> [EXERCISE BRIEF]
Give an exact copy of the data that follows.

> [RECORDS SUPPLIED]
========================================

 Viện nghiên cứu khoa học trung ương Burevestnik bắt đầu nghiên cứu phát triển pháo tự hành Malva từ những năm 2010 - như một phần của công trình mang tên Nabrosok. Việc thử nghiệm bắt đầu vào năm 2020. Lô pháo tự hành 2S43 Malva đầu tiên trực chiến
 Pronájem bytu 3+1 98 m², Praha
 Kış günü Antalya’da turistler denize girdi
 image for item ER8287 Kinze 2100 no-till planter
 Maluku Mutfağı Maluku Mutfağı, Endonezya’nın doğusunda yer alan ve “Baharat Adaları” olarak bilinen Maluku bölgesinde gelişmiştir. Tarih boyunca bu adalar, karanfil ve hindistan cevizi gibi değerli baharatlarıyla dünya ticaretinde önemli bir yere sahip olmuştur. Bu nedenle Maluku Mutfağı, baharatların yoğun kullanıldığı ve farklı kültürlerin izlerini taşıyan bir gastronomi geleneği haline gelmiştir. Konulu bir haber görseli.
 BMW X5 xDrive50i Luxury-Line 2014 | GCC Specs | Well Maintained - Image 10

========================================

> [TASK SOLUTION]
 Viện nghiên cứu khoa học trung ương Burevestnik bắt đầu nghiên cứu phát triển pháo tự hành Malva từ những năm 2010 - như một phần của công trình mang tên Nabrosok. Việc thử nghiệm bắt đầu vào năm 2020. Lô pháo tự hành 2S43 Malva đầu tiên trực chiến
 Pronájem bytu 3+1 98 m², Praha
 Kış günü Antalya’da turistler denize girdi
 image for item ER8287 Kinze 2100 no-till planter
 Maluku Mutfağı Maluku Mutfağı, Endonezya’nın doğusunda yer alan ve “Baharat Adaları” olarak bilinen Maluku bölgesinde gelişmiştir. Tarih boyunca bu adalar, karanfil ve hindistan cevizi gibi değerli baharatlarıyla dünya ticaretinde önemli bir yere sahip olmuştur. Bu nedenle Maluku Mutfağı, baharatların yoğun kullanıldığı ve farklı kültürlerin izlerini taşıyan bir gastronomi geleneği haline gelmiştir. Konulu bir haber görseli.
 BMW X5 xDrive50i Luxury-Line 2014 | GCC Specs | Well Maintained - Image 10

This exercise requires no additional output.